August 2016: The MMPR is replaced by the Access to Cannabis for Medical Purposes Regulations (ACMPR) as a result of a court ruling in a case called Allard v. Canada. The ACMPR restored the right for patients to produce their own supply of marijuana. Patients who were previously licensed to grow their own under MMAR can continue to do so, new patients can apply for registration with Health Canada to grow a limited amount of marijuana. Or patients can designate someone to produce it for them. Health Canada’s licensed producers continue to be the only recommended source of marijuana for patients not growing their own.

Yes, complicated and confusing…

So, what about your benefits plan? If your coverage includes a health care spending account (HSCA), you’re in luck. Medical marijuana is an eligible expense under HCSAs because the Canada Revenue Agency (CRA) allows it to be claimed as a medical expense on income tax returns. Note that only marijuana is eligible under CRA medical exempt items not vaporizers or other items used to consume it.

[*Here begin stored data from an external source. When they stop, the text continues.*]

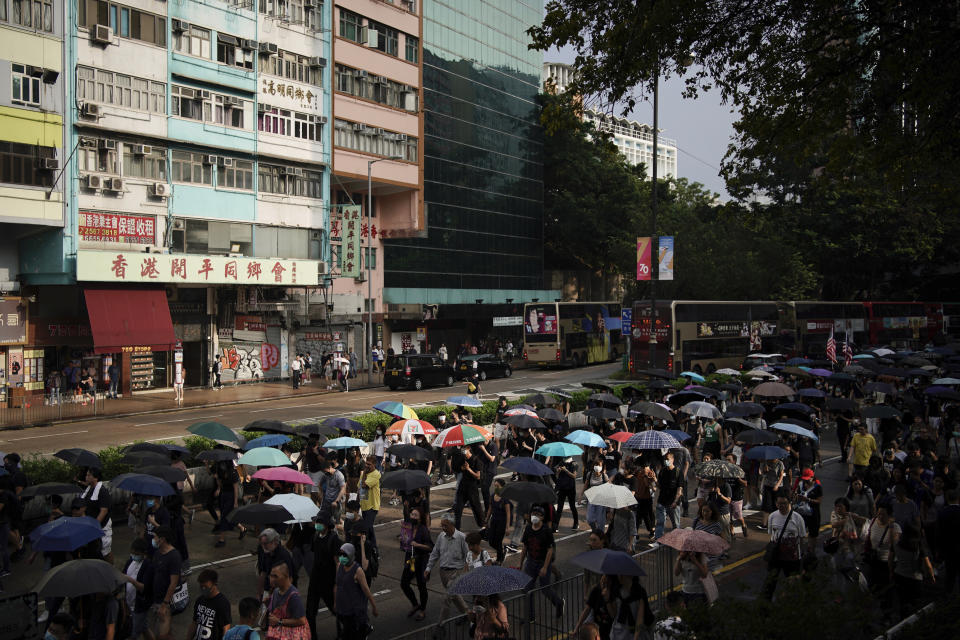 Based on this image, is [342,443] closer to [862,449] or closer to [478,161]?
[862,449]

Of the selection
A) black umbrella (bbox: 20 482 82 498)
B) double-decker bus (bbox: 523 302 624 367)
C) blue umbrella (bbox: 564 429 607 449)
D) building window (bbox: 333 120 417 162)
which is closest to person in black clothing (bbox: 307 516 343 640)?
black umbrella (bbox: 20 482 82 498)

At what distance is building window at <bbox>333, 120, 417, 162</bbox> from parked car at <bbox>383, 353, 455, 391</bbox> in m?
12.0

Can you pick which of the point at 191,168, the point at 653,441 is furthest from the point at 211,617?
the point at 191,168

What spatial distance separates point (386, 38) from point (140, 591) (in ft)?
134

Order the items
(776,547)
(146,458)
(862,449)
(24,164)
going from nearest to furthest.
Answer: (776,547)
(146,458)
(862,449)
(24,164)

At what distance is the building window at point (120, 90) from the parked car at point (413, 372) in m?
14.6

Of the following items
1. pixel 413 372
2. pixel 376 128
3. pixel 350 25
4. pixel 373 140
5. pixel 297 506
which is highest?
pixel 350 25

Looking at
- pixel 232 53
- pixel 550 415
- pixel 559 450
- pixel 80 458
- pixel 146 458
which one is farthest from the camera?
pixel 232 53

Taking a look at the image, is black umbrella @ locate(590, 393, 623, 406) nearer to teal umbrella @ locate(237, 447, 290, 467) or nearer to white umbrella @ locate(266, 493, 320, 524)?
teal umbrella @ locate(237, 447, 290, 467)

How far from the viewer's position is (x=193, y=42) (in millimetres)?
33375

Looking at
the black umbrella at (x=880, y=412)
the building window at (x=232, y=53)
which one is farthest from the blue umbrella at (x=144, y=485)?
the building window at (x=232, y=53)

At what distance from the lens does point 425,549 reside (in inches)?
392

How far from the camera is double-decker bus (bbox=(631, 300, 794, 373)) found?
37.0m

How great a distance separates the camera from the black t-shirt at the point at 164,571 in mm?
8492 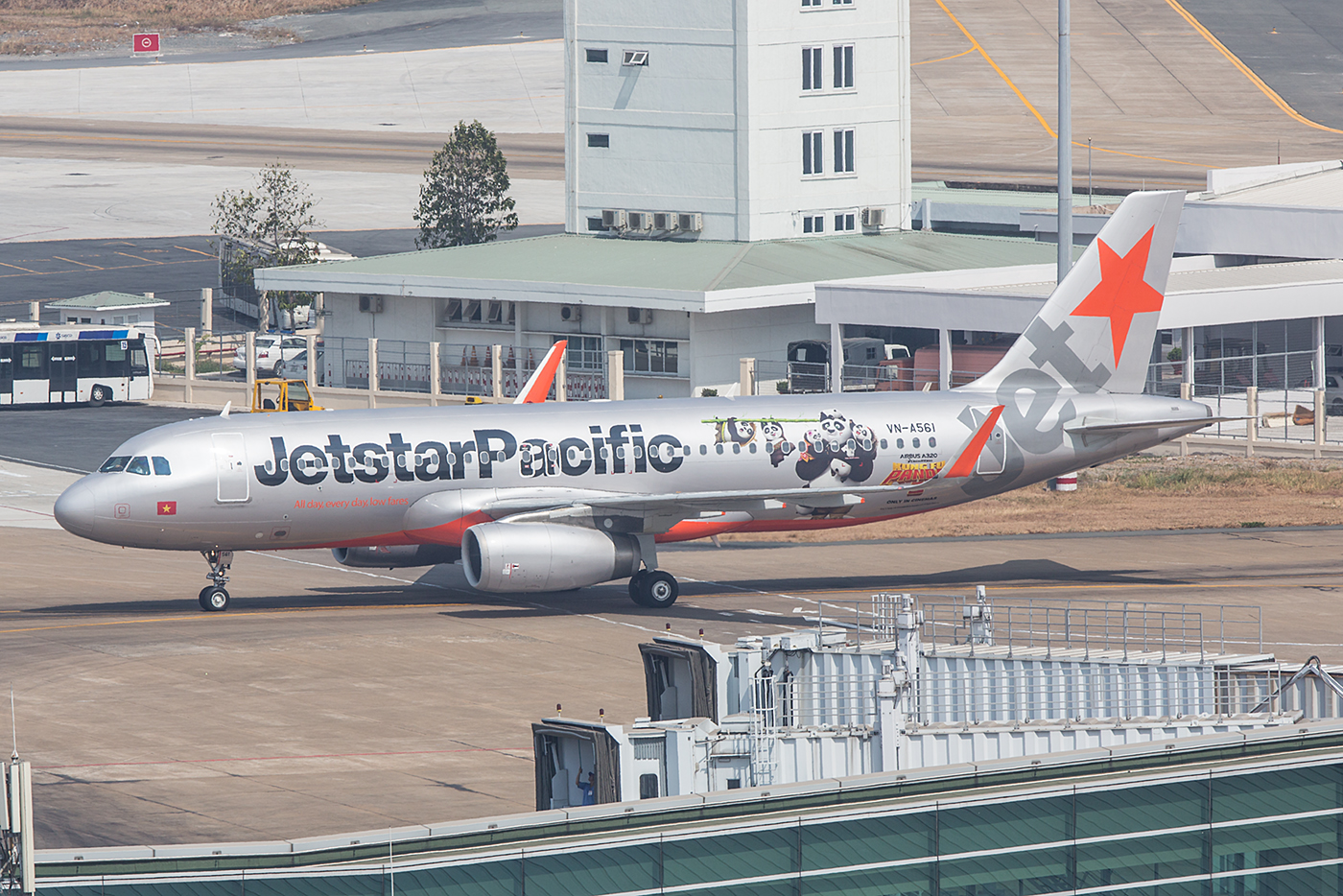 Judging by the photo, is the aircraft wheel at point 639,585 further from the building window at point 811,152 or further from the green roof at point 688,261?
the building window at point 811,152

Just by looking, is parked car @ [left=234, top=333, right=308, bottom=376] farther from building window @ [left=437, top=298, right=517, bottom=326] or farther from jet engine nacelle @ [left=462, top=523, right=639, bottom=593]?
jet engine nacelle @ [left=462, top=523, right=639, bottom=593]

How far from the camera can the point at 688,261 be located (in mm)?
84812

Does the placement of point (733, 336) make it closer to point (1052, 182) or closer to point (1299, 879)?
point (1052, 182)

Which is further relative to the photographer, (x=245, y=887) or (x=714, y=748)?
(x=714, y=748)

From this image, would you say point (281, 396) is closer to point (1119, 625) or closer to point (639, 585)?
point (639, 585)

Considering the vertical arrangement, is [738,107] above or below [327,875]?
above

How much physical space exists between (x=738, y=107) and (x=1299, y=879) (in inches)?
2599

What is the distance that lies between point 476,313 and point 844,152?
17947 millimetres

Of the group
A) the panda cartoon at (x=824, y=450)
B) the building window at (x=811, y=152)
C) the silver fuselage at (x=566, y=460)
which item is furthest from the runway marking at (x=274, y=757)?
the building window at (x=811, y=152)

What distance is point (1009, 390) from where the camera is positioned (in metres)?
51.3

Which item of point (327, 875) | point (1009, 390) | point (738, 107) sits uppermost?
point (738, 107)

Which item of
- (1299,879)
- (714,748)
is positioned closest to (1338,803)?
(1299,879)

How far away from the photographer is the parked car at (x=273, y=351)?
92250 millimetres

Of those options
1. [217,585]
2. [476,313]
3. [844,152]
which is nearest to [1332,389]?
[844,152] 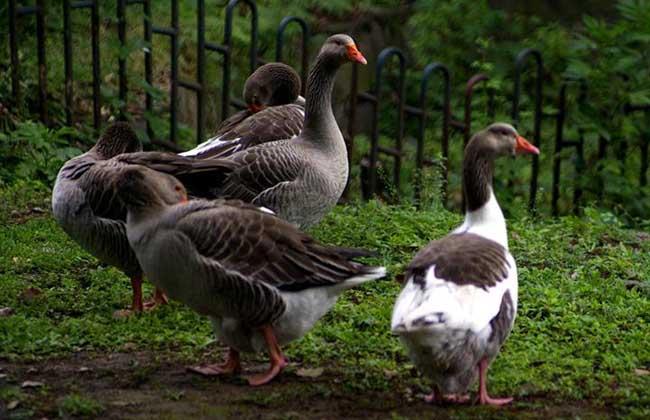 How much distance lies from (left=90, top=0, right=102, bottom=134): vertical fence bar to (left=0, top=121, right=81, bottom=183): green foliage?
1.70 feet

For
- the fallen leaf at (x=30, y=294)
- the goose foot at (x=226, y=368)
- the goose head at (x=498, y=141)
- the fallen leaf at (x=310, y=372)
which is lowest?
the fallen leaf at (x=30, y=294)

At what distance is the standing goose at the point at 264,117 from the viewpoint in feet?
26.9

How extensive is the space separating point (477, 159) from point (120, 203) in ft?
6.51

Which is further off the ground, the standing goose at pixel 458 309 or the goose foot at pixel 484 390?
the standing goose at pixel 458 309

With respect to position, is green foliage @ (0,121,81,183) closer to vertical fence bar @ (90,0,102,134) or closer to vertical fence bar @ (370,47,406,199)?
vertical fence bar @ (90,0,102,134)

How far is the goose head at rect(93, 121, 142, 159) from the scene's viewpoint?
7789 millimetres

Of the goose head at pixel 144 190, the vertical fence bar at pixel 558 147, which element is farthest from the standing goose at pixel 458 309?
the vertical fence bar at pixel 558 147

But here’s the bad news: Although physicians are prescribing it, and people are using it for medical reasons, marijuana is not currently covered under traditional drug benefits. That’s because Health Canada hasn’t reviewed it for safety and effectiveness or approved it for therapeutic use the way it reviews and approves all other prescription drug products. This means marijuana hasn’t been assigned a drug identification number, which the insurance industry usually requires before a drug can be covered. In fact there is a lack of rigorous clinical research on the effectiveness and safety of marijuana or even to definitively identify the active ingredients – the evidence thus far is weak and largely anecdotal. Until there is research that can be reviewed by Health Canada, marijuana will remain an unapproved drug and unlikely to be covered by your plan.

And a word about those marijuana dispensaries and compassion clubs popping up in neighbourhoods across the country…they’re illegal.